The study, which Everson is developing with Harvard education professor Daniel Koretz, would investigate a phenomenon called score inflation. Score inflation happens when rises in test scores reflect something other than actual learning — for instance, bending the test rules (e.g., giving students more time) or even cheating. Tests may also become so predictable that teachers learn to coach students on how to ace them, experts say.

The researchers propose measuring what test scores really represent by creating a “test within a test” that would assess the same skills but in a variety of formats. If students score worse on the new test than on the regular test, Everson said, that would suggest that score inflation is at work.

The key is to give both tests to the same group of students at around the same time. This would eliminate variables that may account for existing differences in results between state exams and alternative assessments such as NAEP.

If such a study happened, Everson said, it would be the first time that New York state accountability tests have ever been rigorously examined for possible score inflation.

Requests for comment by a state education department spokesman on whether a study on score inflation is being considered were not returned.

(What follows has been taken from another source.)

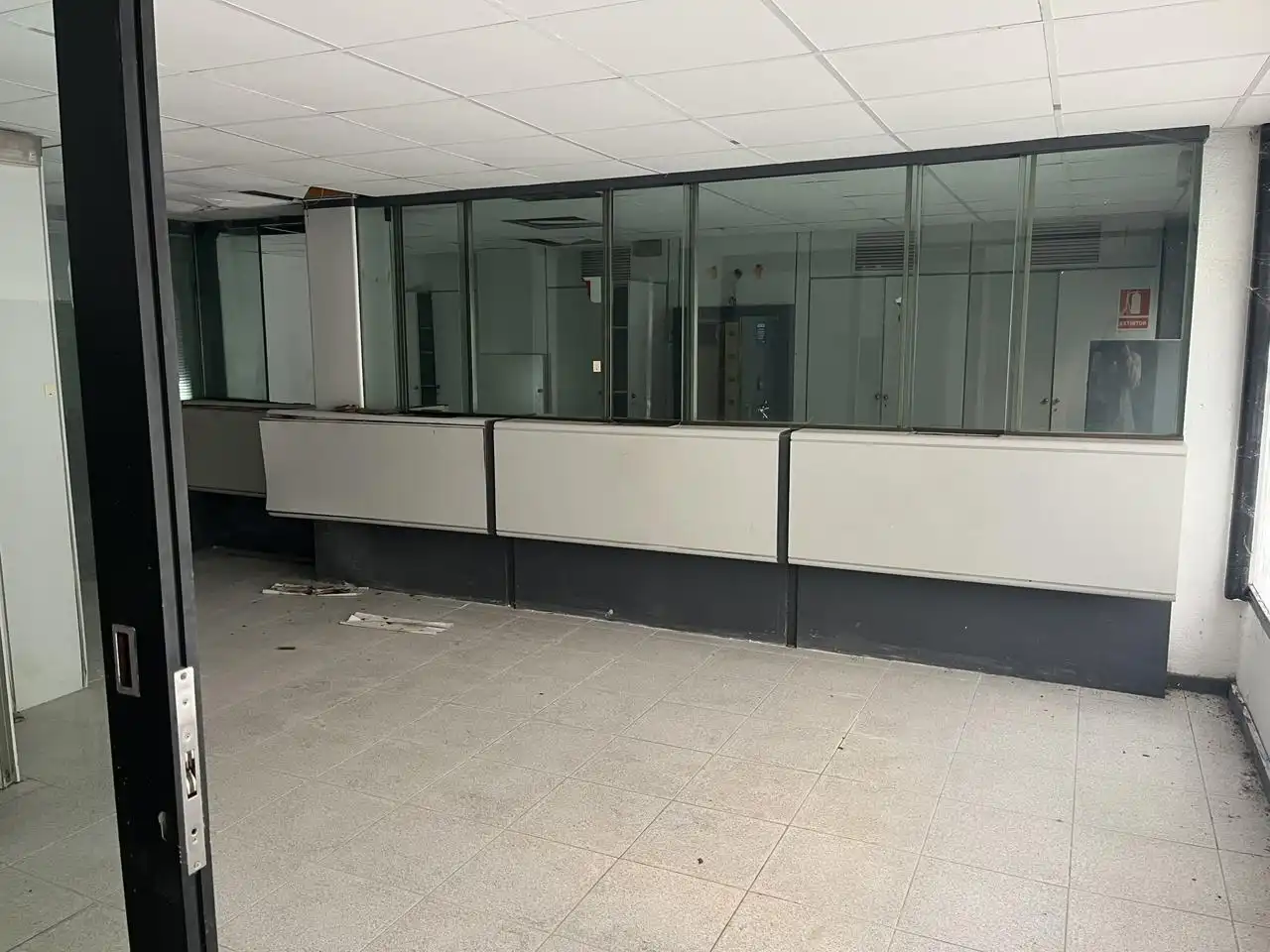 Business premises for sale in Carrer Doctor Peris, imagen 5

The research study designed by Everson and Koretz is still in its preliminary stages, Everson said, and the researchers are in early discussions with several states to participate.

New York would be an excellent site for research because of the high stakes attached to the exams, Koretz said in an interview earlier this year.

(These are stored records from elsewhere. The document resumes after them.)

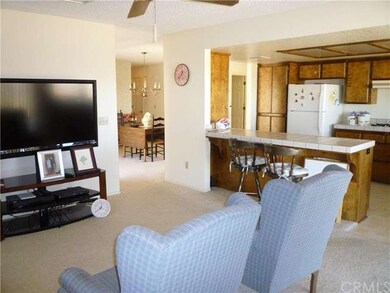 8061 Wesley Rd, Joshua Tree, CA 92252 - photo 7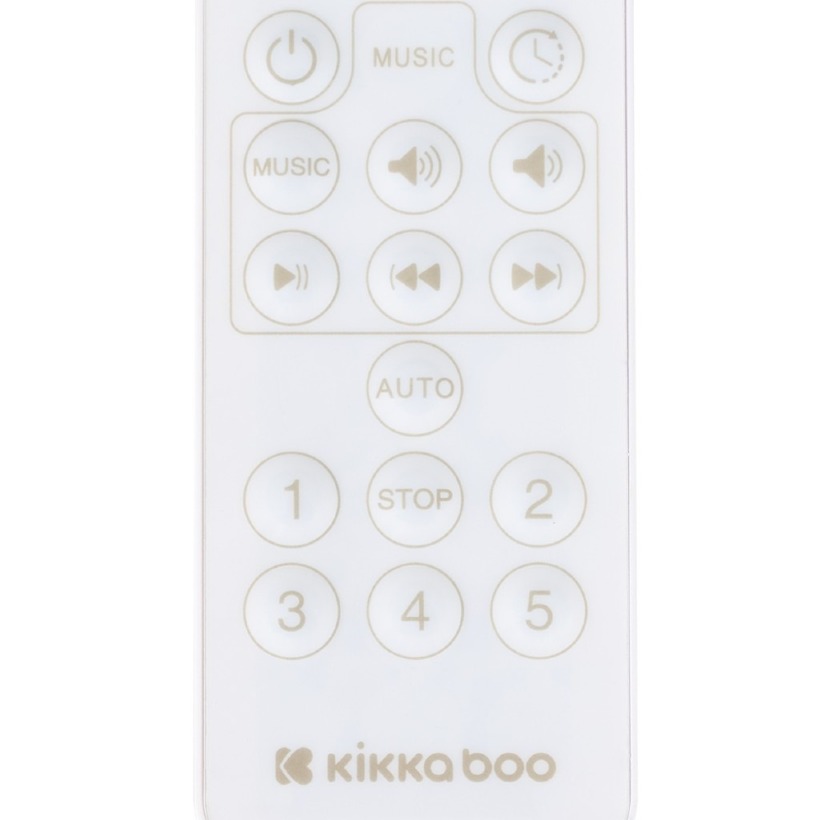 ‫گهواره کیکابو مدل‬ ‫swing ashlee‬ image gallery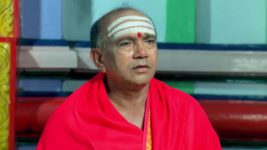 Kalyanamasthu S01 E831 17th November 2024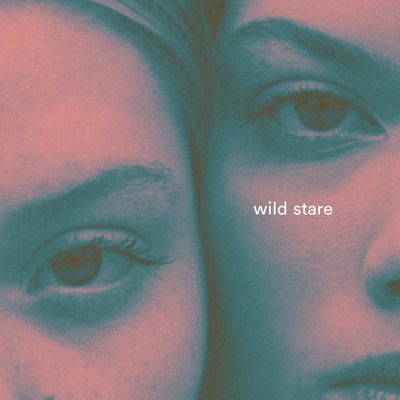 Wild Stare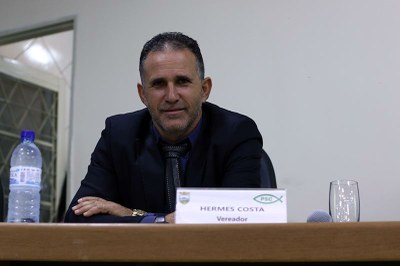 16-09 Sessão Ordinária (5).jpg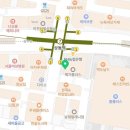 지에스25상동메가점 이미지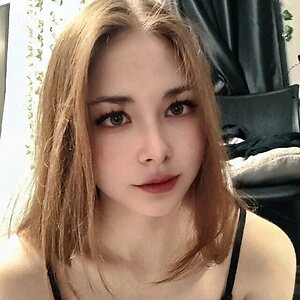 KiraLivee leaked photo #3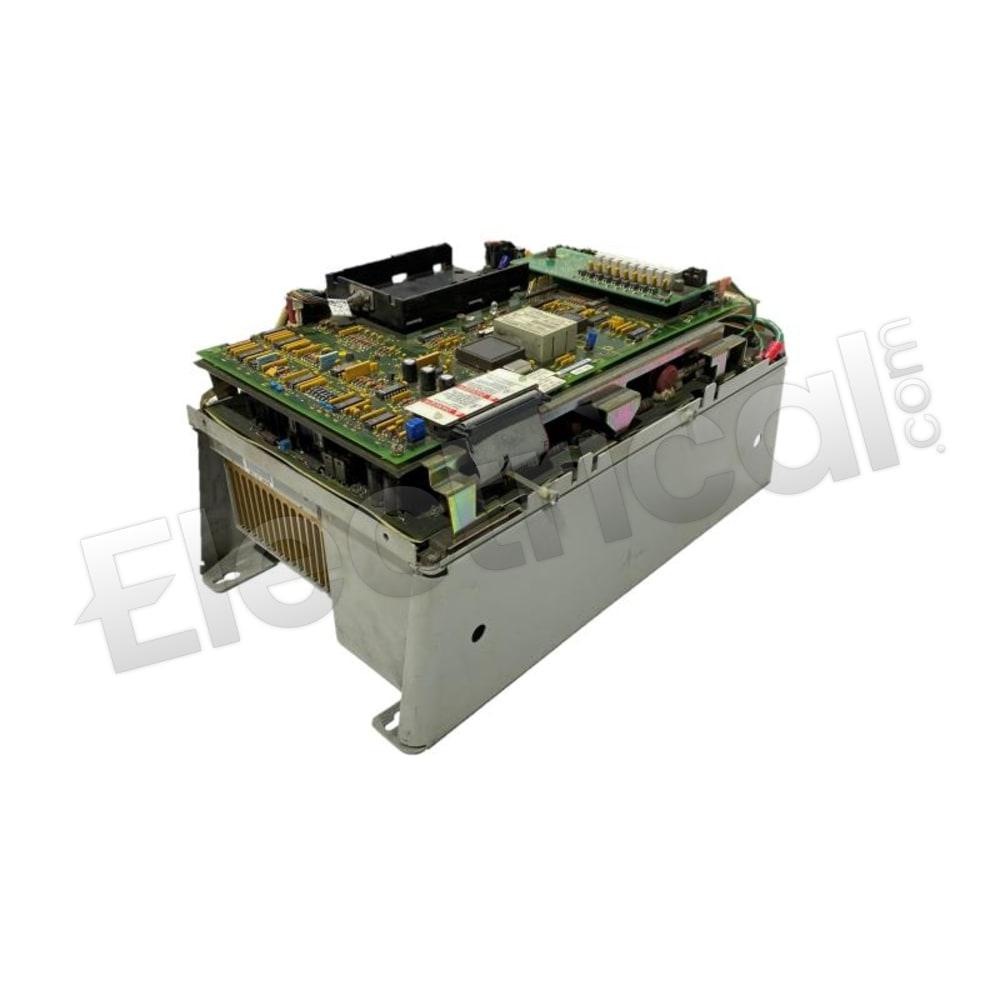 1336S-B020-AN-EN-L6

“In the old days, when the pressure to raise scores wasn’t so high, it mattered less that tests were somewhat predictable,” he said. “But when the pressure is as high as it is now – everywhere, but particularly in New York with value-added measures for teachers and so on – people have every incentive to look for predictable patterns and to narrow their instruction to focus on those patterns.”

Columbia University sociology researcher Jennifer Jennings has found that almost identical questions have appeared on each state math exam since 2006, making it easier for schools to teach to the test.

Koretz said that with increased attention to high-stakes testing in New York, he hopes that the pressure for a thorough look into score inflation will mount.

“I hope that New York can be what finally breaks the ice,” he said.

Everson was quoted in the Times as saying that the state tests are “about as good as we can build them.” In an interview with GothamSchools, Everson elaborated on that appraisal, saying that the technical operations of state testing–how the tests are administered and scored–are strong. But he made a distinction between the way the tests are being given and the way the results are being interpreted.

“It’s just a hypothesis, but we worry that there would be more score inflation,” Everson said. “We think there would be more teaching to the test.” But there is no way to be sure without more rigorous examination, he said.

UPDATE: The New York State Department of Education is currently researching the possibility of using an “audit mechanism,” like the “test within a test” that Everson described, to guard against score inflation in their standardized tests, department spokesman Jonathan Burman said.